Anatomy of a dud single: a patchwork lyric of place-filler phrases; a monotonous one-line chorus that wears on the nerves because it’s repeated so damn much; a would-be soul groove that, after a mildly inspiring start, seems to just skip in place; and some woeful backing vocals (I mean, you’re cutting a rock & roll single, guys—give it some zing: you sound like a bunch of conscripts). Pronounced dead on arrival the moment it was released.
“Do Anything You Say” is one of Bowie’s last soul-influenced compositions and one of his most inconsequential releases—it’s notable only for marking the full stop to a style Bowie never mastered and finally abandoned. (Pye was one of the major Northern Soul labels, so perhaps the label wanted Bowie to try his hand at something more uptempo and dance-oriented.)

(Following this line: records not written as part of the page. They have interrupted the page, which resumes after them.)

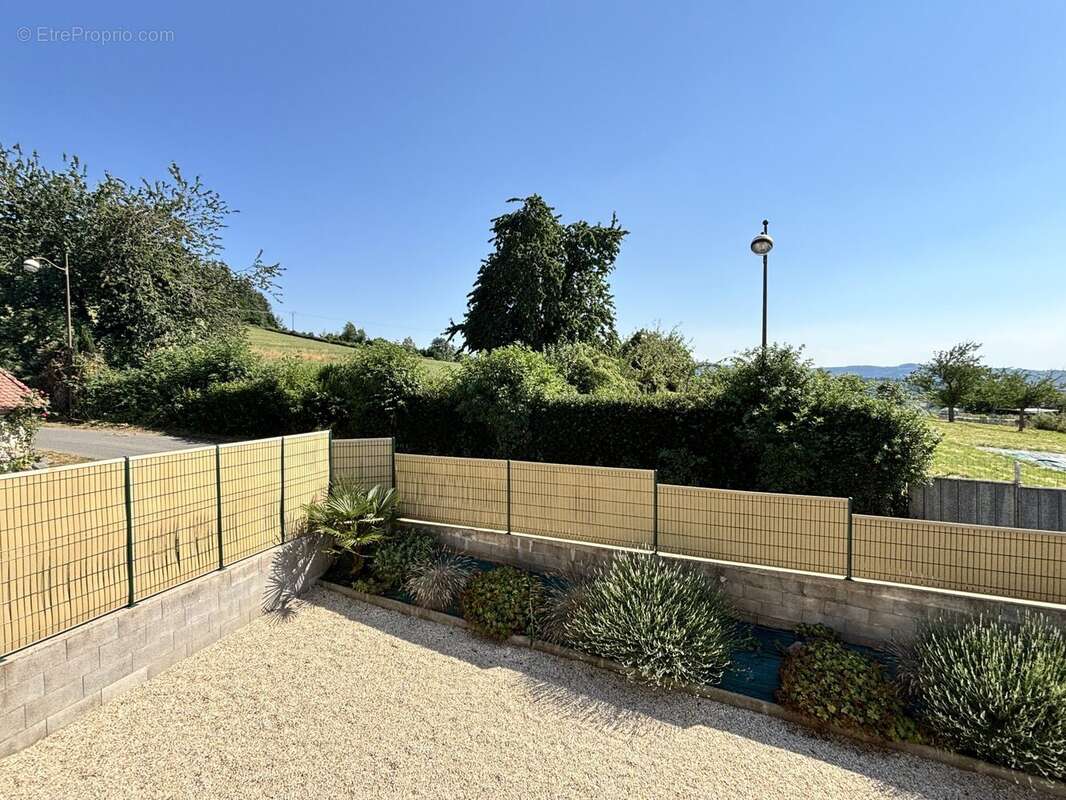 Maison 141 m² à Propieres  - photo 3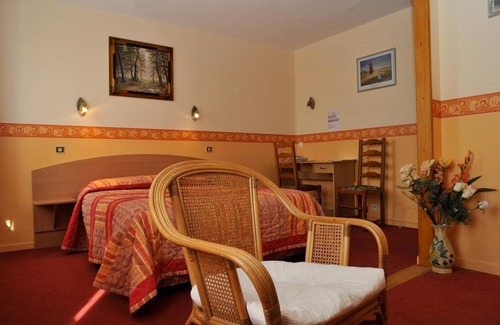 Launois-sur-Vence Hotel | Le Val de Vence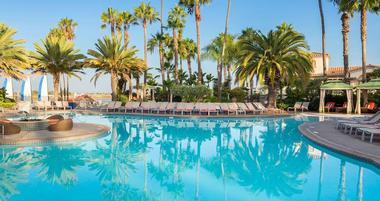 Hilton San Diego pool
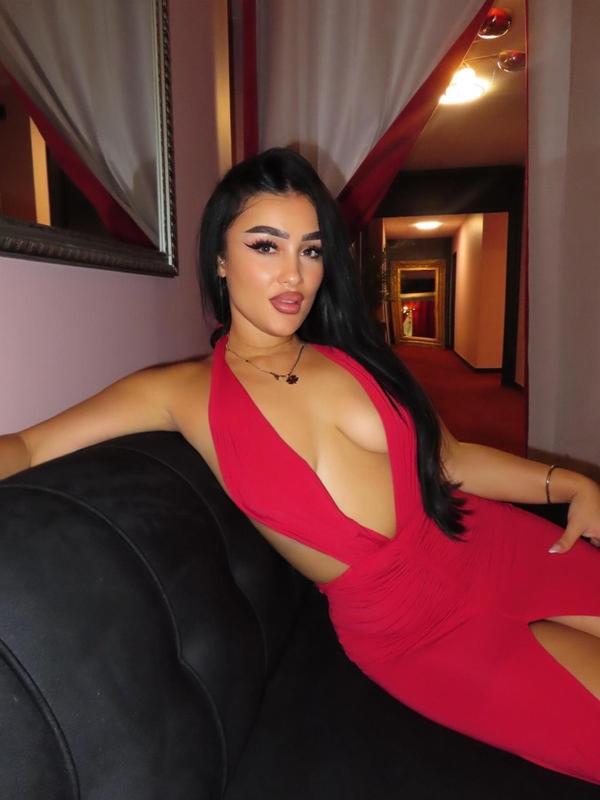 Sandra - Escort in Genf
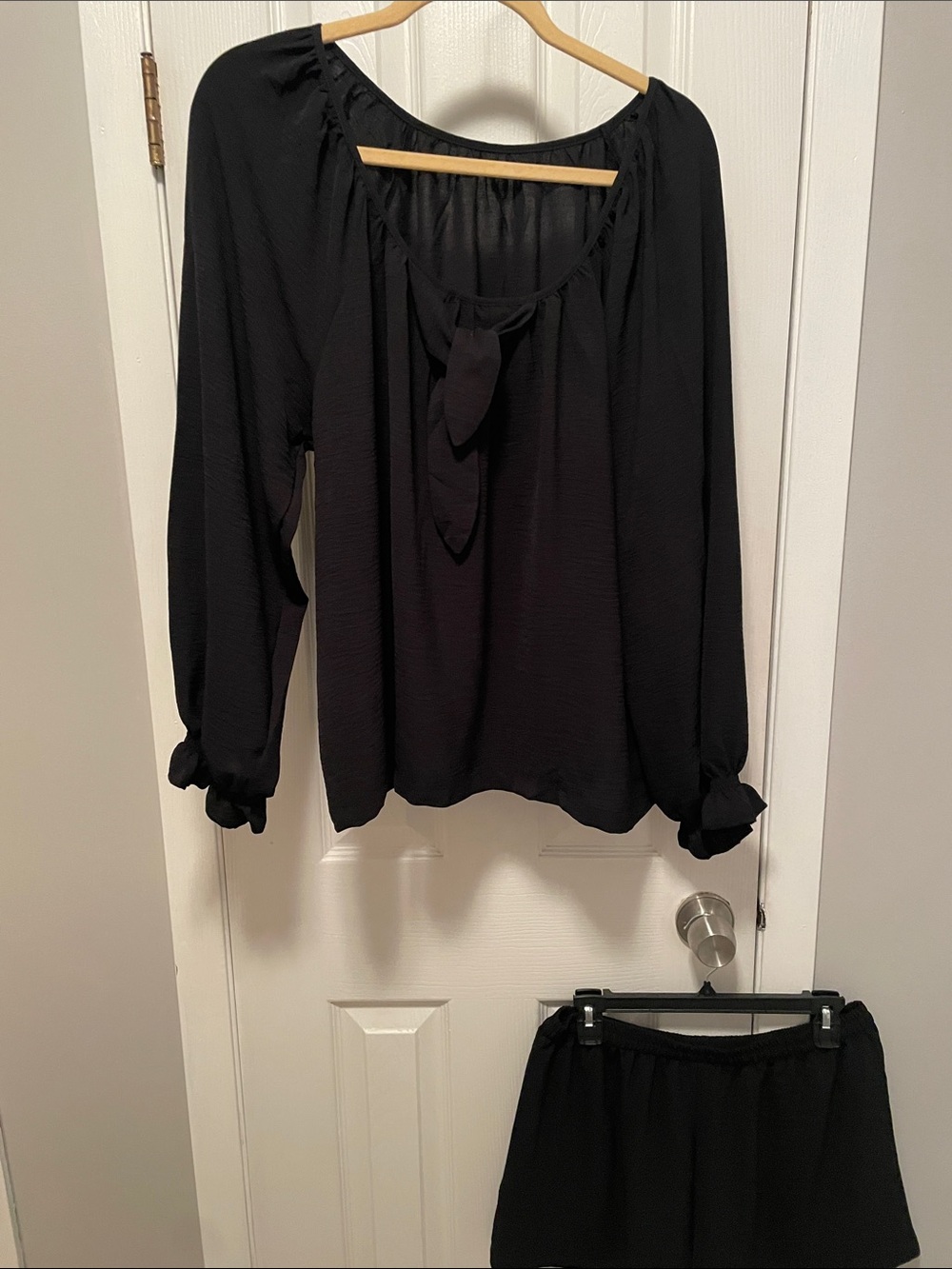 Women's Black Long-Sleeve Tie-Neck Blouse With Shorts to match. Size L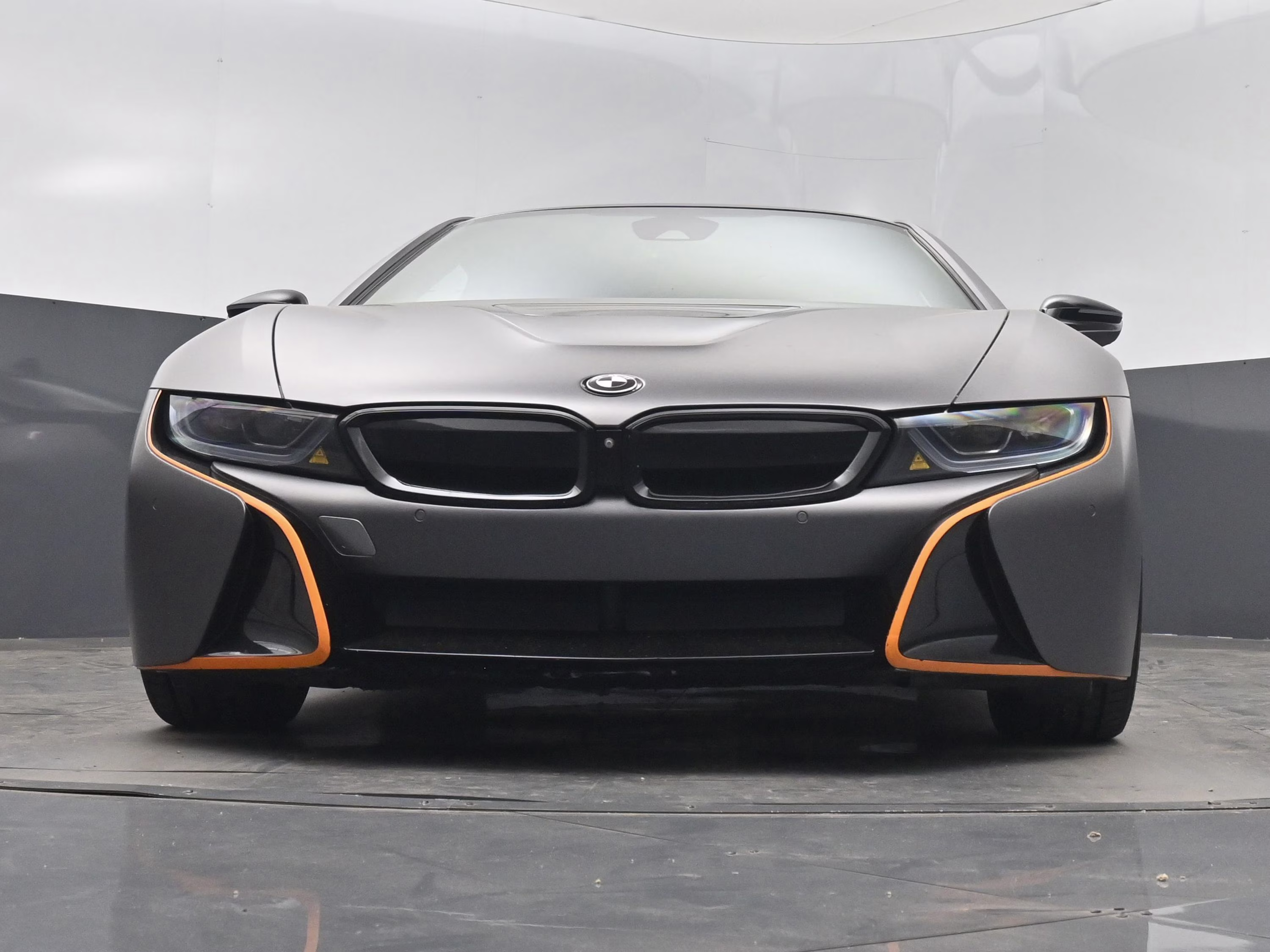 2019 Individual Donington Gray Met w/Frozen Gray Accent BMW i8 Base AWD Coupe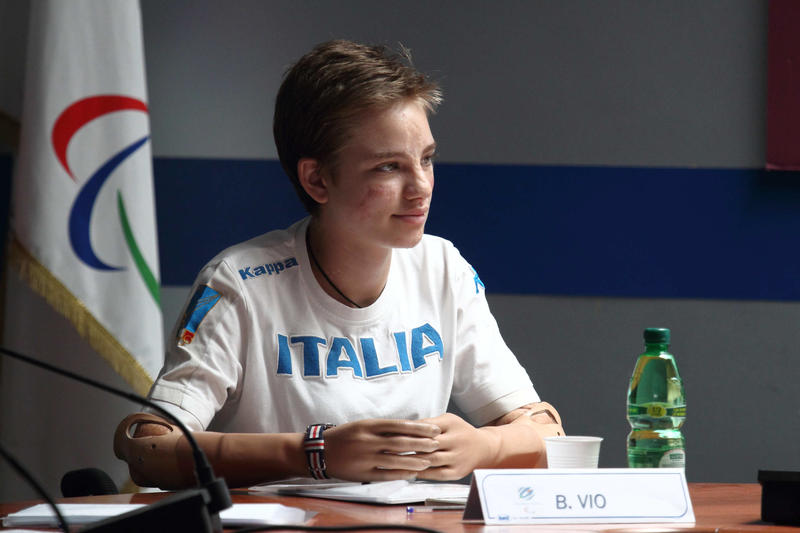 “Renzi, la Domenica Sportiva e Rio 2016…”: Bebe Vio ad Affari “Renzi, la Domenica Sportiva e Rio 2016…”: Bebe Vio ad Affari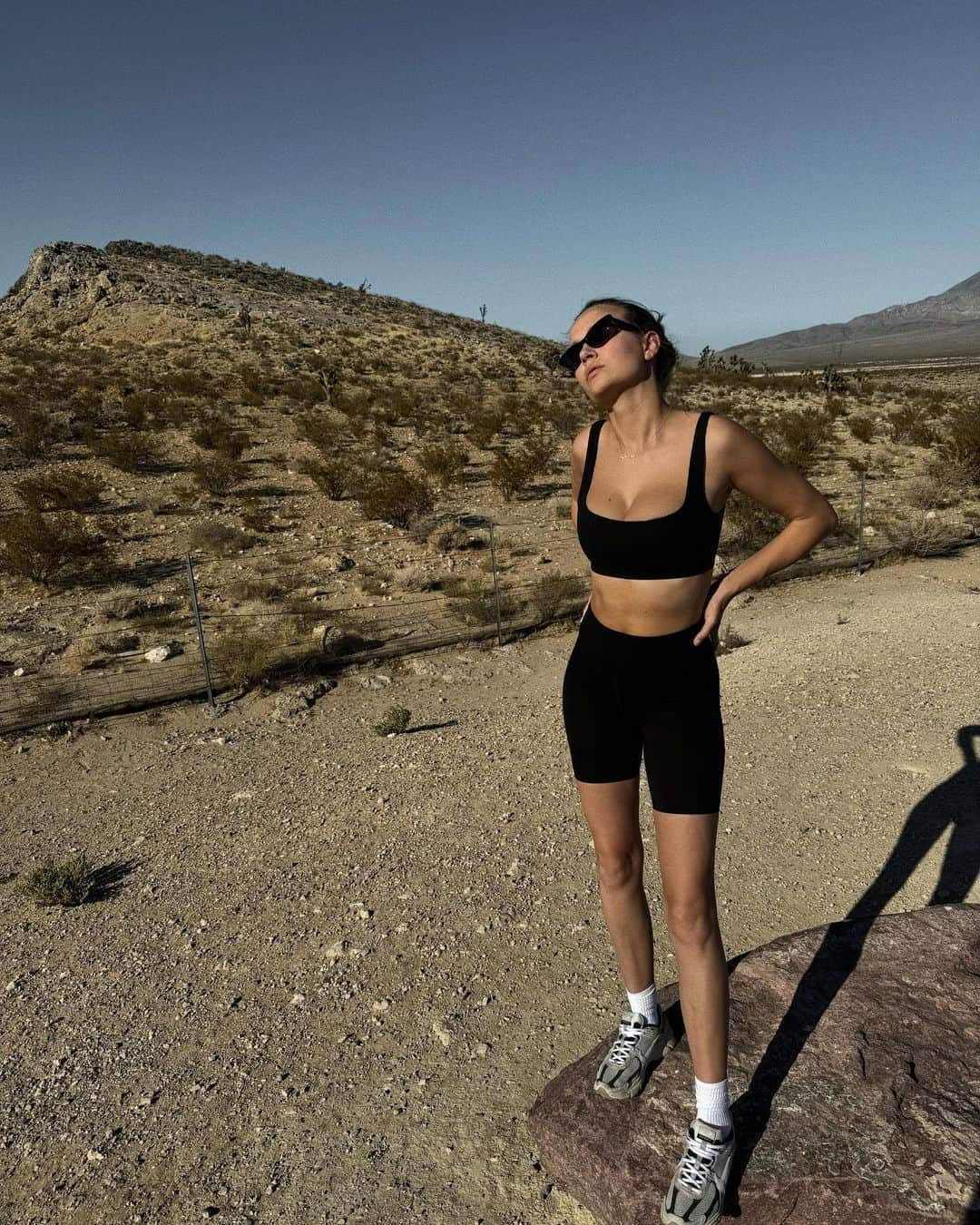 ジョセフィン・スクリヴァーのインスタグラム：「Desert bound 🌵」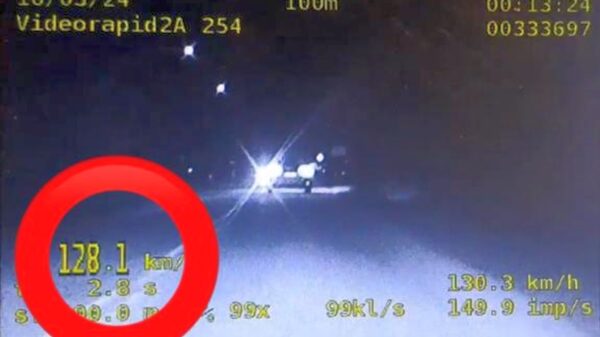 29-latek jechał autem 128km/h przez miasto, ze zbitą szybą i bez prawa jazdy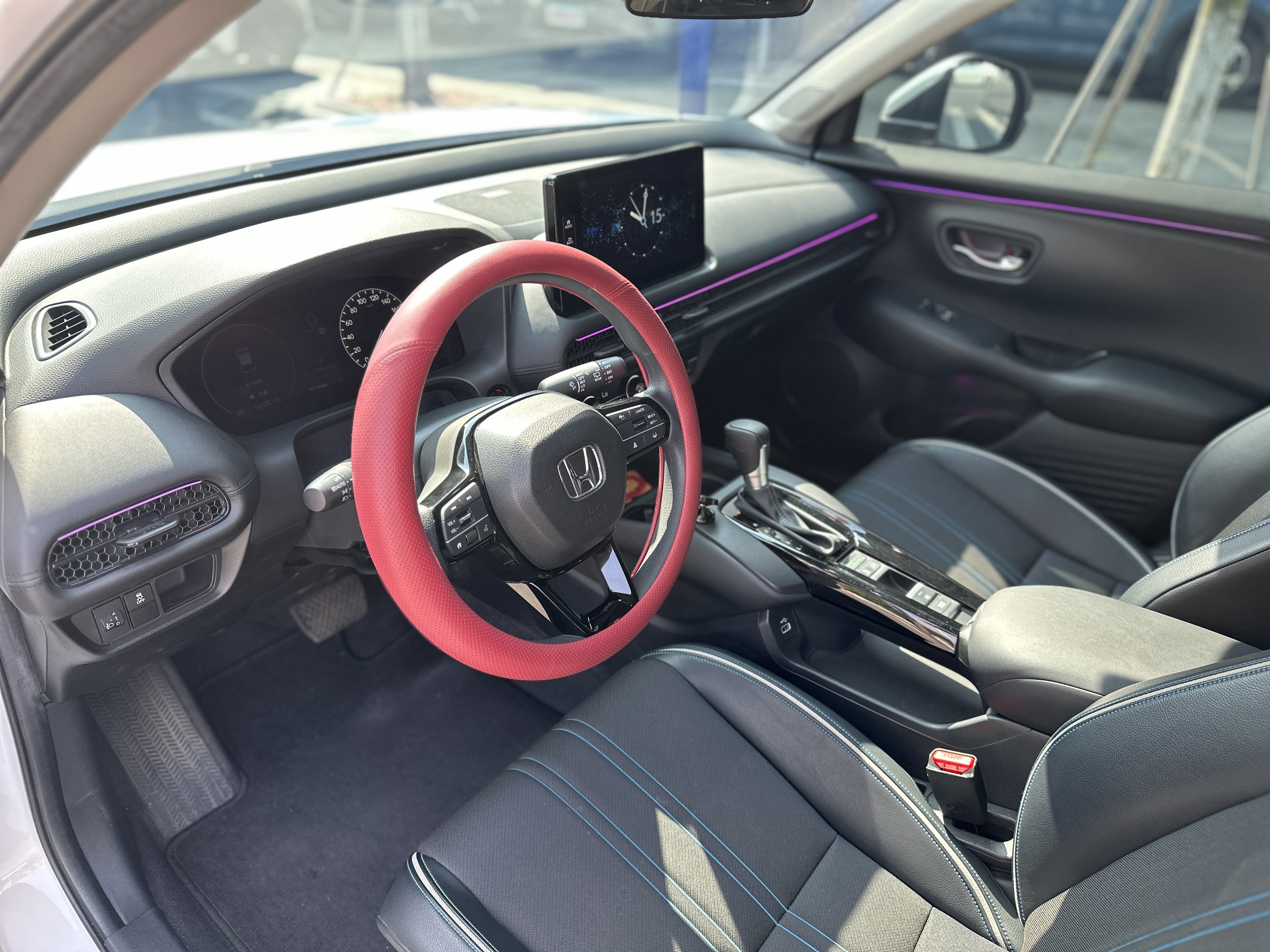 Honda HR-V 2024 car image #6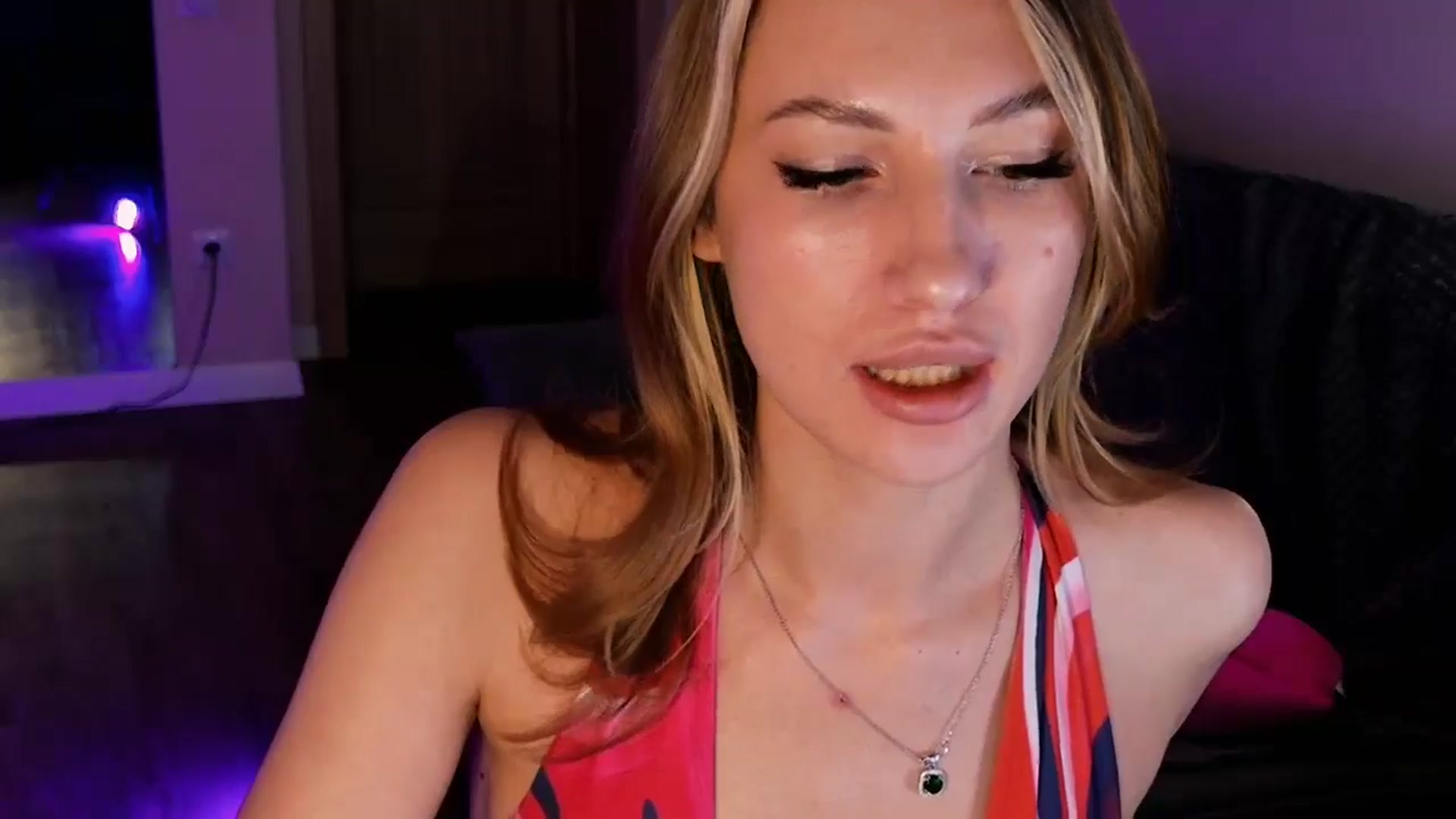 Gallery image thumbnail from LovelyGin's myfreecams stream on, 10/17/2025, 14:37 image 16 of 20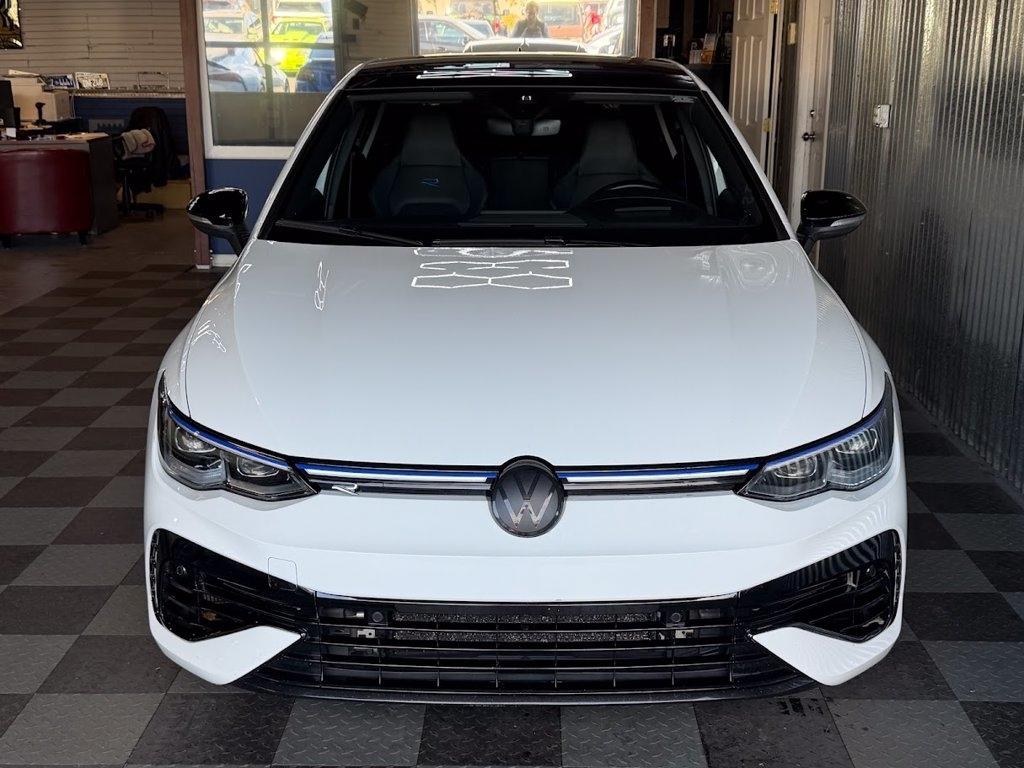 Volkswagen Golf R Base 6M 2024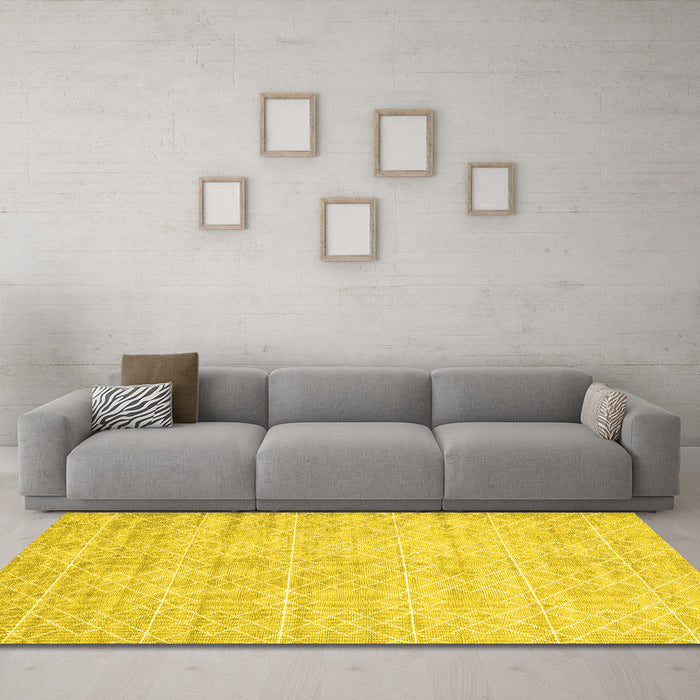 Machine Washable Abstract Yellow Contemporary Rug in a Living Room, wshcon2742yw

The backing band is Bowie’s latest collection—The Buzz, consisting of John Hutchinson (lead guitarist, who would become one of Bowie’s closest collaborators in the late ’60s), Derek Fearnley (b), John Eager (d) and Derek Bayes (organ). They sound pretty much interchangeable with the ill-fated Lower Third and a frustrated Tony Hatch would replace them with session players for Bowie’s next single.
Recorded 7 March 1966 and released as Pye 17079 on 1 April 1966 (Pye Singles).
The mixes on Early On and I Dig Everything are clearly different- which is the one that was actually released as the single?
early on
There’s something sort of interesting about how disinterested the backing vocals are. It doesn’t work at all, but there’s the glimmer of something interesting and original in there.